*Exercise objective*: Below are entries. Copy exactly the lines running from the line that holds "living room with dark" to the line that holds "Canvas-taulu Aerial top", with both ends included.

══════════════════════════════

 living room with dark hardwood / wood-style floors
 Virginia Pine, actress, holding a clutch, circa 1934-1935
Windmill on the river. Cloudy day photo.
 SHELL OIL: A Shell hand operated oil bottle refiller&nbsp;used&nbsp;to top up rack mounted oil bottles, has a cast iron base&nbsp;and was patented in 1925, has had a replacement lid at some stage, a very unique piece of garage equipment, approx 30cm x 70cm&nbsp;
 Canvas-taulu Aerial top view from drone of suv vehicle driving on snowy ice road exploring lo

══════════════════════════════

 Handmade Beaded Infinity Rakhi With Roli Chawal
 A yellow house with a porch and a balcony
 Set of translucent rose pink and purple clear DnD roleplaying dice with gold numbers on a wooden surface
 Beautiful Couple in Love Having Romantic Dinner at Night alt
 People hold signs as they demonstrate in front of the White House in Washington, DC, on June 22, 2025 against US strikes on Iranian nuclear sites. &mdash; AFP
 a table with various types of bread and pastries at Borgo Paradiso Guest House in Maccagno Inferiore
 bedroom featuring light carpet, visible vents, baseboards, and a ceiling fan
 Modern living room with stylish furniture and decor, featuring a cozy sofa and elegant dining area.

══════════════════════════════

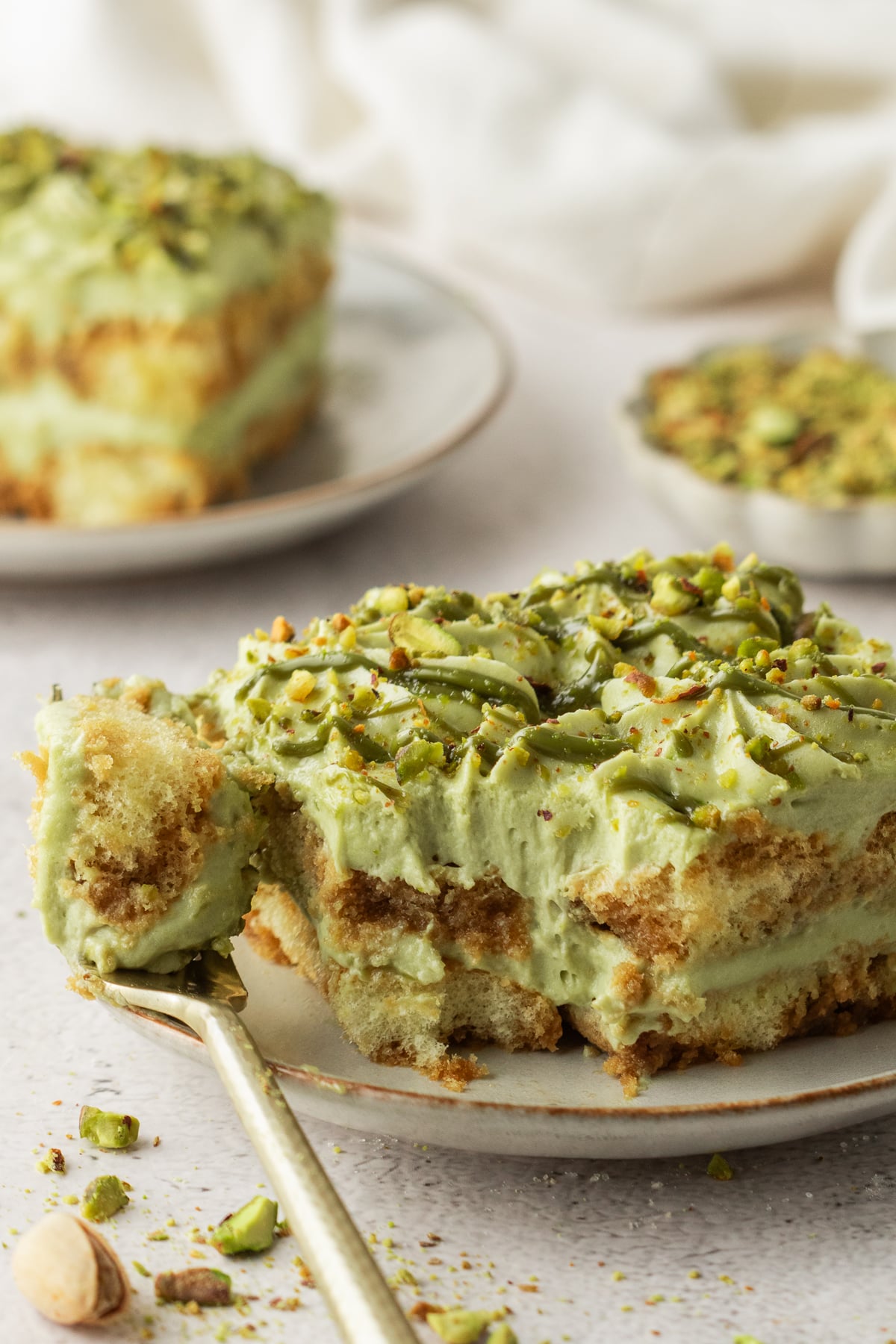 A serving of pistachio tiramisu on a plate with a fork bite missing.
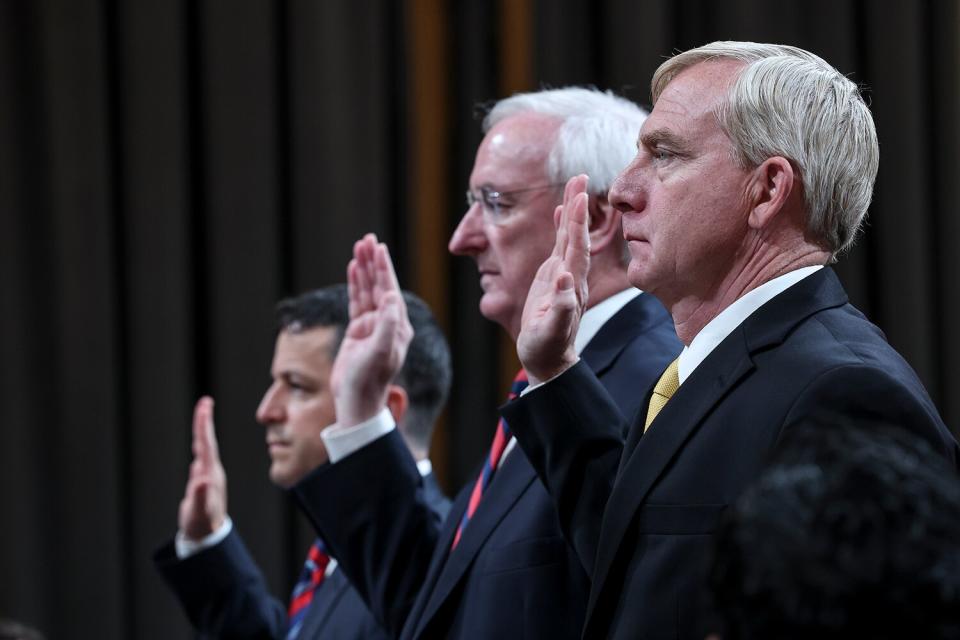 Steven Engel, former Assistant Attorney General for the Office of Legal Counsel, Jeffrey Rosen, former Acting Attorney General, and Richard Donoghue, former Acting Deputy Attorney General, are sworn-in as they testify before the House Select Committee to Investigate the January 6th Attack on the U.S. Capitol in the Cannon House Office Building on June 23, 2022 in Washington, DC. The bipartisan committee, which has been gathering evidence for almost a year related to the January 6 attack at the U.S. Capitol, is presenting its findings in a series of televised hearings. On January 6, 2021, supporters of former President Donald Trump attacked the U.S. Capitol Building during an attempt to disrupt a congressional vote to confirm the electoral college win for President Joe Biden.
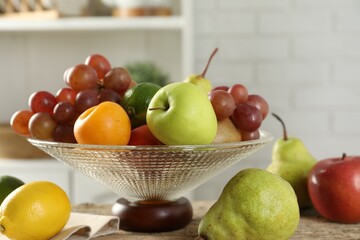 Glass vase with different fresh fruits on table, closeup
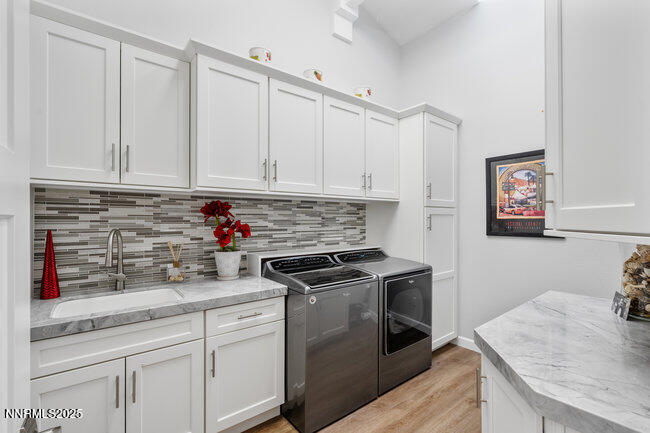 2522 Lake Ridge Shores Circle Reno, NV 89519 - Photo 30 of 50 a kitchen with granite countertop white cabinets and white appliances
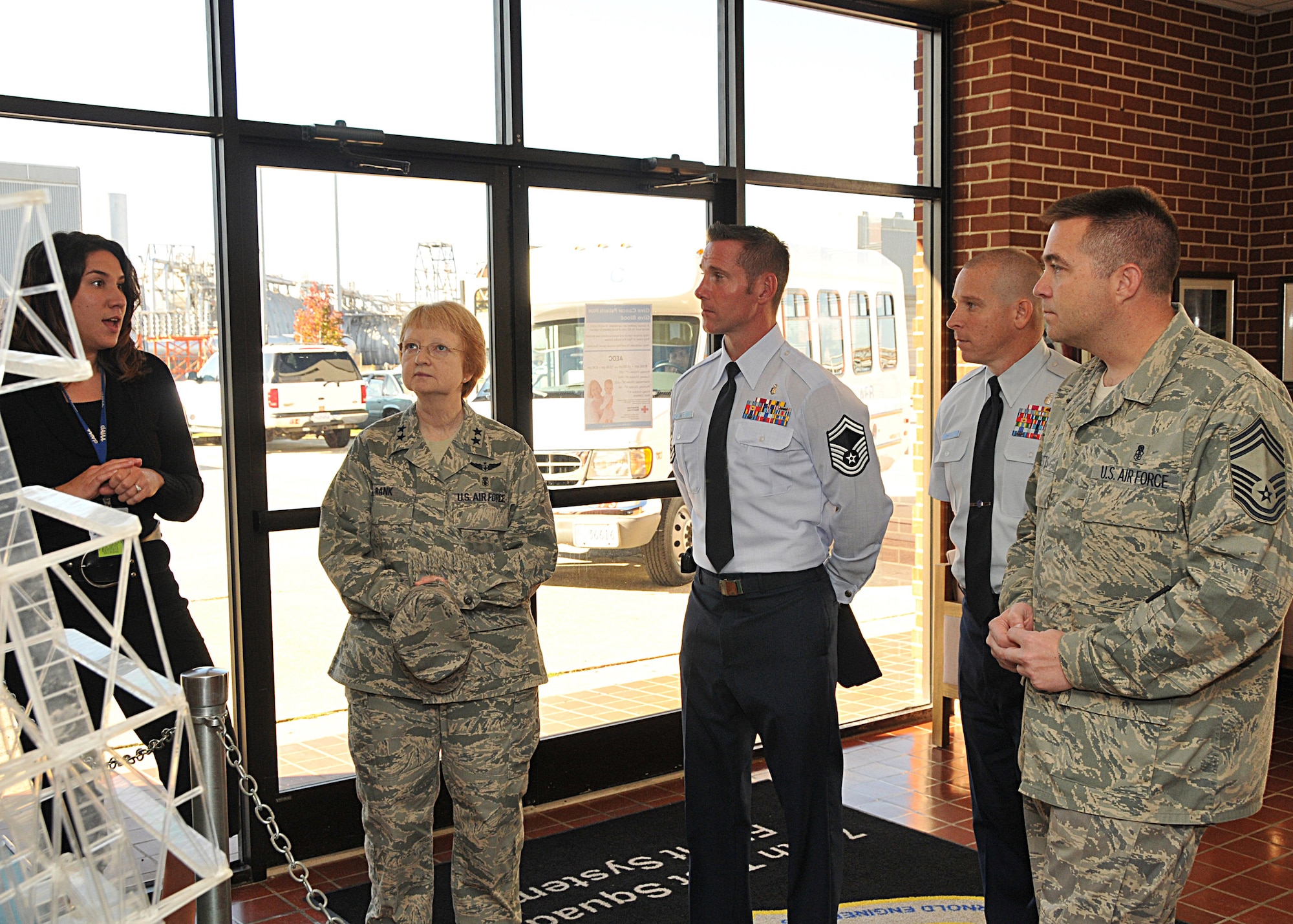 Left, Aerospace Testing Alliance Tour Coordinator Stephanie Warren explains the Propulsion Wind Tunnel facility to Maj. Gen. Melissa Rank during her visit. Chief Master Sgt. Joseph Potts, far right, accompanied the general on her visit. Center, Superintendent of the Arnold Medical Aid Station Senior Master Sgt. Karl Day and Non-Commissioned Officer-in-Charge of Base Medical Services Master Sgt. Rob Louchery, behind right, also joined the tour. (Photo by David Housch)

══════════════════════════════

*Response to the exercise*:
 living room with dark hardwood / wood-style floors
 Virginia Pine, actress, holding a clutch, circa 1934-1935
Windmill on the river. Cloudy day photo.
 SHELL OIL: A Shell hand operated oil bottle refiller&nbsp;used&nbsp;to top up rack mounted oil bottles, has a cast iron base&nbsp;and was patented in 1925, has had a replacement lid at some stage, a very unique piece of garage equipment, approx 30cm x 70cm&nbsp;
 Canvas-taulu Aerial top view from drone of suv vehicle driving on snowy ice road exploring lo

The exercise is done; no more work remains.